Expression of α2-Receptor-Mediated Responses by Insulin in Primary Culture of Rat Hepatocytes

Abstract

The effects of the α2-adrenergic agonist, clonidine, on the glucagon-stimulated glucose output from serum-free cultures of adult rat hepatocytes were examined in vitro. When hepatocytes were cultured with 10 nM dexamethasone under the serum-free condition, 1 or 10 μM clonidine did not inhibit the glucagon-induced glucose production. In contrast, clonidine dose-dependently inhibited the activity concomitantly with suppression of hepatocyte cAMP production by glucagon when they were cultured with 10 nM dexamethasone and 10 nM insulin. The inhibitory effects of clonidine were completely blocked by prior treatment of hepatocytes with pertussis toxin (100 ng/ml).
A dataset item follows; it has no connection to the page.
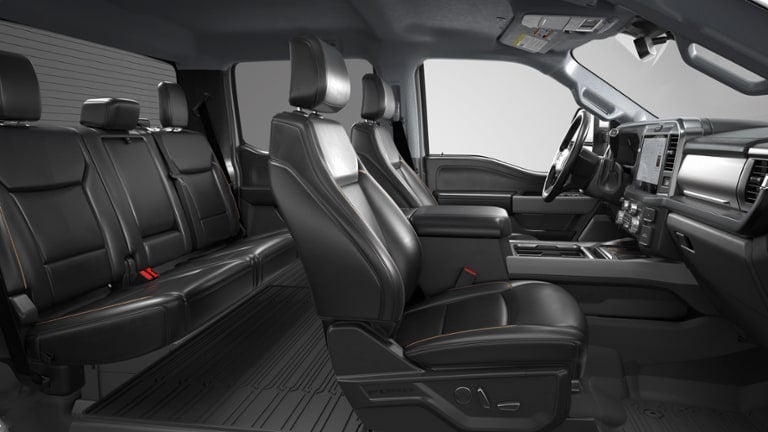 2026 Ford Super Duty F-350® Lariat®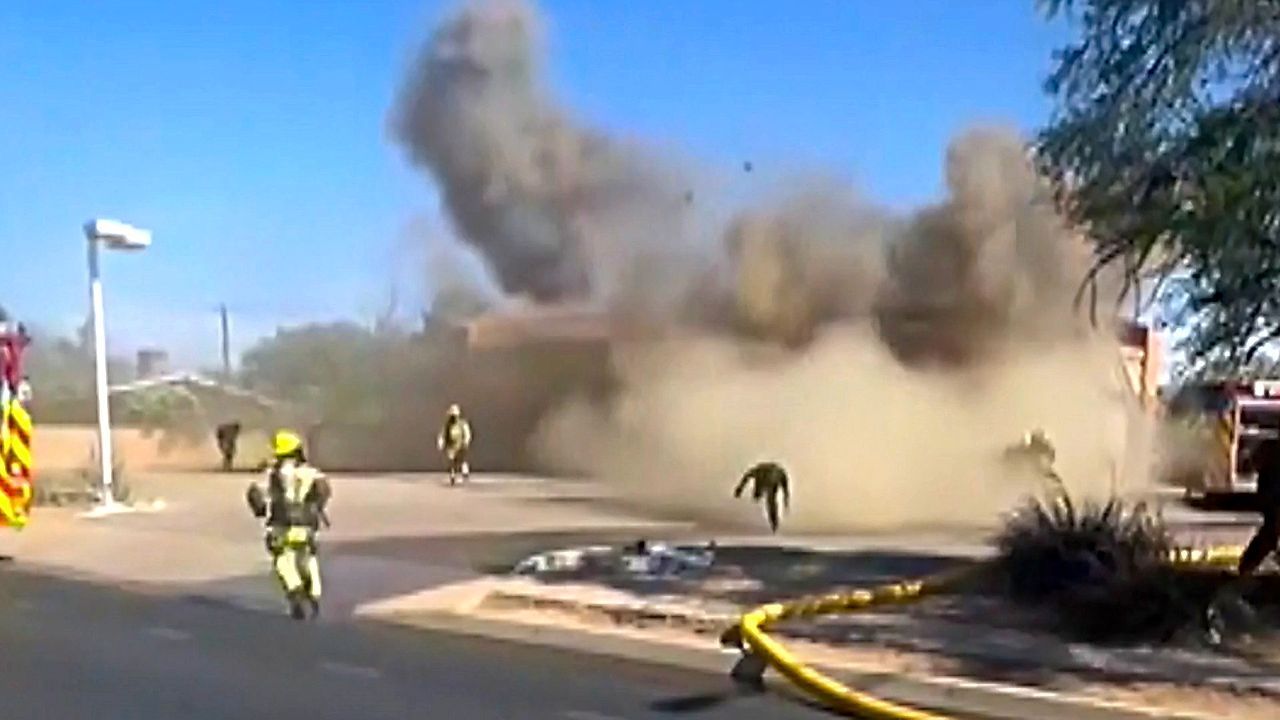 Beinahe-Katastrophe: Brennendes Gebäude stürzt ein – Feuerwehrleute haben Glück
In addition, forskolin-stimulated cAMP production was also inhibited by α2-adrenergic agonists (clonidine and oxymetazoline) in a dose-dependent manner when hepatocytes were cultured with 10 nM dexamethasone and 10 nM insulin. The inhibitory effects of α2-adrenergic agonists on forskolin-stimulated cAMP production were specifically blocked when they were combined with the α2-adrenergic antagonist yohimbine. Hepatocytes cultured with dexamethasone alone showed no response to the α2-adrenergic agonists. The α2-response was abolished when cycloheximide (0.5 μM) was added to the cultures. These results suggest that insulin develops α2-adrenergic responsiveness through new protein synthesis during the primary culture of adult rat hepatocytes.